• EXERCISE OBJECTIVE:
What you return should match the data below exactly, with no pictures in it.

• DATA PROVIDED:
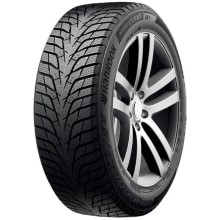 235/45 R18 Hankook Winter i*Cept IZ3 W636 98H XL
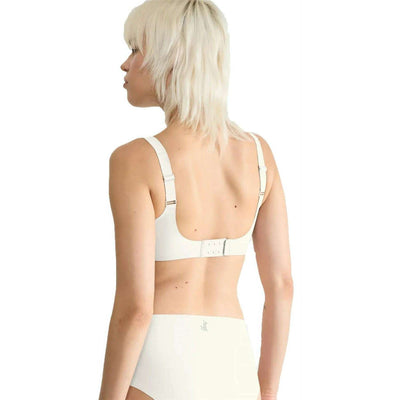 sloggi-white-zero-feel-soft-bra-34852241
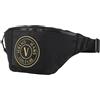 VERSACE JEANS COUTURE - Marsupi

• ANSWER TO THE PROBLEM:
 235/45 R18 Hankook Winter i*Cept IZ3 W636 98H XL
 sloggi-white-zero-feel-soft-bra-34852241
 VERSACE JEANS COUTURE - Marsupi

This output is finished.